O bombardeio da NATO causou um desastre humanitário na Líbia, matando milhares de pessoas e deslocando centenas de milhares mais, transformando a Líbia de país com maior taxa de mortalidade da África em um estado falido devastado pela guerra.
Sob Obama, os Estados Unidos expandiram as operações secretas de "forças especiais" para 138 países, ou seja, para 70% da população mundial. O primeiro presidente afro-americano lançou o que equivaleria a uma invasão em grande escala da África.
Reminiscente da Scramble for África do século 19, o Comando Africano dos EUA (Africom) desde então construiu uma rede suplicante entre os regimes africanos colaboradores ansiosos para receber subornos e armamento dos EUA. A doutrina "soldado para soldado" do Africom envolve oficiais dos EUA em todos os níveis de comando, do general ao suboficial. Faltam apenas os capacetes de medula.
É como se a orgulhosa história da libertação africana, de Patrice Lumumba a Nelson Mandela, tivesse sido condenada ao esquecimento pela elite colonial negra do novo senhor branco. A "missão histórica" dessa elite, alertou o astuto Frantz Fanon, é a promoção de "um capitalismo desenfreado, mas camuflado".
No ano em que a NATO invadiu a Líbia, em 2011, Obama anunciou o que ficou conhecido como a "virada para a Ásia". Quase dois terços das forças navais dos EUA se mudariam para a Ásia-Pacífico para "lidar com a ameaça da China", nas palavras de seu secretário de Defesa. Não havia ameaça da China; havia uma ameaça à China por parte dos Estados Unidos: cerca de 400 bases militares dos EUA formam um arco ao redor do centro industrial chinês, no que um funcionário do Pentágono orgulhosamente descreveu como um “laço”.
Ao mesmo tempo, Obama colocou mísseis na Europa Oriental voltados para a Rússia. Foi precisamente o beatificado ganhador do Prémio Nobel da Paz que aumentou os gastos com ogivas nucleares a um nível superior a qualquer outro governo dos Estados Unidos desde a Guerra Fria; isso depois de ter prometido em um discurso emocionado em Praga em 2009 que "ajudaria a livrar o mundo das armas nucleares".
Obama e seu governo sabiam muito bem que o golpe que sua vice-secretária de Estado, Victoria Nuland, supervisionou contra o governo ucraniano em 2014 provocaria uma resposta russa e provavelmente levaria à guerra. E assim tem sido.
Durante guerra do Vietname, a propaganda alegou que uma vitória do Vietname espalharia sua doença comunista para o resto da Ásia, permitindo que o Grande Perigo Amarelo se espalhasse para o norte. Os países cairiam em um efeito dominó.

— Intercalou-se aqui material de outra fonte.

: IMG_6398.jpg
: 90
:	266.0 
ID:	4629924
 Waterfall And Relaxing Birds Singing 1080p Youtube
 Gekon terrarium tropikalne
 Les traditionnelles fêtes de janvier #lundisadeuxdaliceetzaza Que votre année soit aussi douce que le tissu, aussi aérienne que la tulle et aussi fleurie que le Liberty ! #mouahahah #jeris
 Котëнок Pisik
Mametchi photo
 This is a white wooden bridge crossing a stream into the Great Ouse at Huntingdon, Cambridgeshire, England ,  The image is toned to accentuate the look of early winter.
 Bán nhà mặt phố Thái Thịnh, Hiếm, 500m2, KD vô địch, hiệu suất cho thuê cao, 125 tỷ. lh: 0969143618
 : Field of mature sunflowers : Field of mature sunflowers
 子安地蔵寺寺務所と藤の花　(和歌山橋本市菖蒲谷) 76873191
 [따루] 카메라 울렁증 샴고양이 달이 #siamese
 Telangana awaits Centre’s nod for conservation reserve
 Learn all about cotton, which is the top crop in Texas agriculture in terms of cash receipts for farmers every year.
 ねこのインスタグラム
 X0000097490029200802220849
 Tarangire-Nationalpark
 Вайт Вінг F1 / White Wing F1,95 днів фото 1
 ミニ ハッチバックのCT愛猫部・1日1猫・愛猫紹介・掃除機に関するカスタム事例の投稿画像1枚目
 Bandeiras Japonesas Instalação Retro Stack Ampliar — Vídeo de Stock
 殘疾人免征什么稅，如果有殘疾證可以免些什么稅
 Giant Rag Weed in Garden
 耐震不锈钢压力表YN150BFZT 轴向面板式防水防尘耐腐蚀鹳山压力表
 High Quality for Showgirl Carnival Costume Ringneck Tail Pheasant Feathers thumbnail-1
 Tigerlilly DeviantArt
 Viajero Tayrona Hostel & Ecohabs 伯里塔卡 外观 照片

O Vietname de Ho Chi Minh foi vitorioso e nada disso aconteceu. Em vez disso, a civilização vietnamita floresceu, o que é notável, apesar do alto preço que pagou: três milhões de mortos. Os mutilados, os deformados, os viciados, os envenenados, os desaparecidos.
Se os atuais propagandistas tiverem sucesso em sua guerra com a China, isso será apenas uma fração do que está por vir. Fale mais alto.